The work of the architect Pietro Nobile (1774–1854) influenced Classicist architecture in Istria, Austria and Bohemia. His works and the professional positions he held roughly until the bourgeois revolution of 1848 fundamentally shaped the development of architecture in the Habsburg Empire. This research project focuses on Nobile’s conception of Classicism, which combines a polytechnic approach with the architectural theories of Vitruvius, Palladio and Vignola. Remarkably, this conception of architecture contributed to the development of early historicism and yet also motivated the rejection of Nobile’s work by subsequent generations.

Nobile was trained in Rome at a time when Italy was strongly influenced by the Napoleonic style. In 1811, he entered the service of Emperor Francis II/I and from 1818 onwards he spent approximately three decades as the director of the School of Architecture of the Academy of Fine Arts in Vienna.

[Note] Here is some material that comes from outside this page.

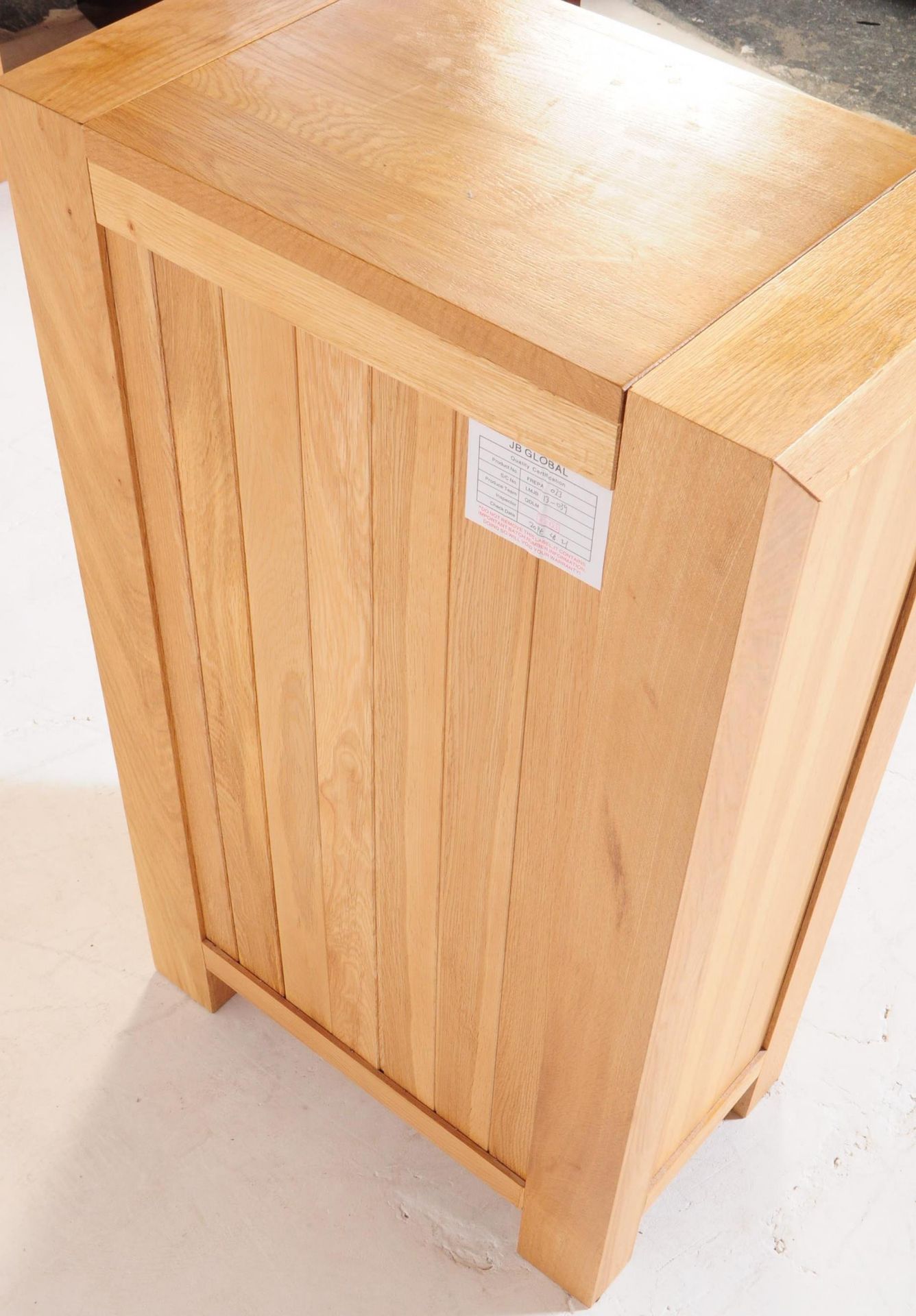M&S SONOMA - PAIR OF OAK BEDSIDE TABLES - Image 5 of 11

Hitherto, art history on Pietro Nobile has mainly concentrated on his Italian works, while his works in Austria, Bohemia and other Habsburg lands have largely remained neglected. As an educator, Nobile advocated a conception of Classicism the specific qualities of which were extremely influential for other buildings of his time but have largely been overlooked by scholars. Hence the present research project seeks to characterise the local background to Nobile’s works especially in Italy, Austria and Bohemia in order to understand his adversaries’ reactions to his efforts to introduce principles of polytechnic practice to academic education.

Furthermore, the project aims to examine various perspectives on the phenomenon of Pietro Nobile, to complete the index of his works and to trace his influence on the development of early historicism. This research on the different forms of Classicism will enable a better understanding of the development and expression of Classicist architecture in the Habsburg Empire.